Notes from inside Trust & Safety

Before I started working in Trust & Safety, I thought the line between harm and free speech would be obvious.
It isn’t.
In theory, free speech protects expression. Harm prevention protects people. Most people assume the boundary between the two is clear.
From inside moderation rooms, I can tell you it’s rarely that simple.
Every day, we review content that sits exactly on that line.
Speech That Offends vs Speech That Harms
Not all offensive speech is harmful. And not all harmful speech looks extreme.
People are allowed to express unpopular opinions. They are allowed to criticize governments, religions, ideologies, and corporations. If platforms removed everything that offended someone, there would be little left online.
But harm begins when speech targets individuals or groups in ways that dehumanize, threaten, or incite violence.
The shift from opinion to attack can be subtle.
A statement about a policy may be legitimate debate. A statement about a group’s inherent worth crosses into something else entirely.
Distinguishing the two requires context, not just keywords.
Intent vs Impact
One of the hardest lessons I’ve learned is that intent does not always match impact.
Some users claim they were “just joking.” Others argue they were “just being honest.”
But if speech leads to coordinated harassment, real-world threats, or systemic intimidation, the impact outweighs the claimed intent.
At the same time, overcorrecting can suppress satire, cultural expression, or political dissent.
The line is not drawn based on emotion. It’s drawn based on risk.
The Role of Power
Another factor people rarely consider is power dynamics.
Speech from a marginalized individual criticizing authority is different from speech targeting a vulnerable group.
The same words can have different consequences depending on who is speaking and who is being targeted.
Moderation policies try to account for this, but applying them consistently across cultures and political climates is challenging.

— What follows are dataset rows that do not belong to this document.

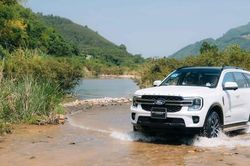 Vì sao Ford thay động cơ mới trên hàng loạt mẫu xe?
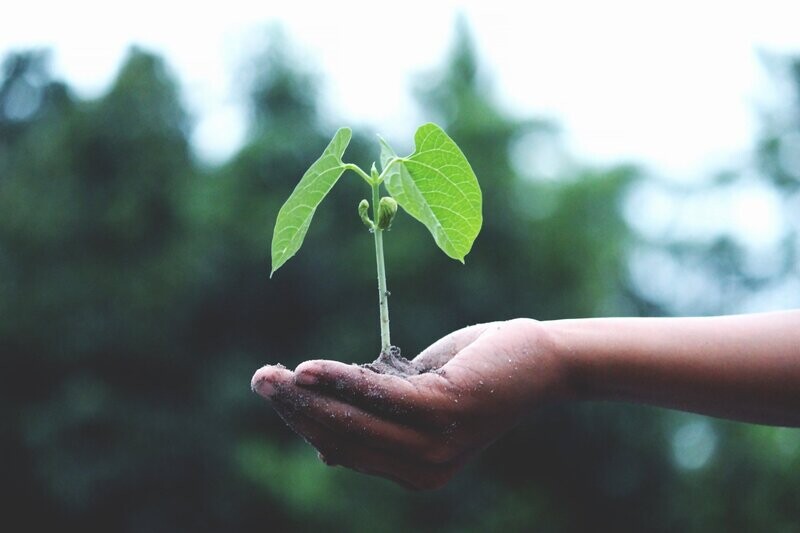 Yellow Plan: 18 Trees Planted Every Month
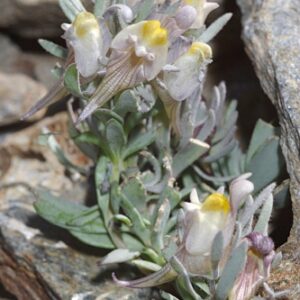 Linaria glacialis Boiss.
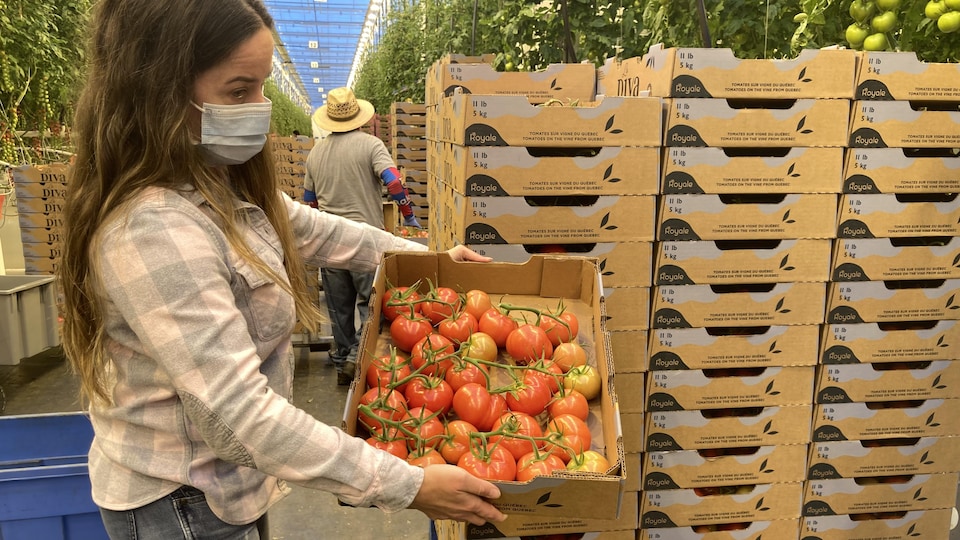 Isabelle Prévost tient une boîte de tomates produites dans une serre.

What feels like accountability in one context can feel like censorship in another.
Automation Isn’t Enough
AI can flag keywords. It can detect patterns. It can estimate risk.
But it cannot fully understand sarcasm, evolving slang, or cultural tension.
Human reviewers step in where nuance matters most.
And that’s where the weight of the decision becomes real.
Remove the content, and someone may feel silenced.
Leave it up, and someone else may feel unsafe.
There is no option that pleases everyone.
So Where Is the Line?
From my experience, the line sits where expression begins to create credible risk of harm.
Not discomfort. Not disagreement.
Harm.
Threats. Incitement. Dehumanization. Coordinated abuse.
Free speech is essential to open societies. But absolute freedom without guardrails often empowers the loudest and most aggressive voices.
Moderation is not about choosing sides. It’s about protecting space for conversation without allowing that space to become dangerous.
The line is not fixed. It shifts with context, culture, and consequence.
And drawing it is one of the most difficult responsibilities in the digital age.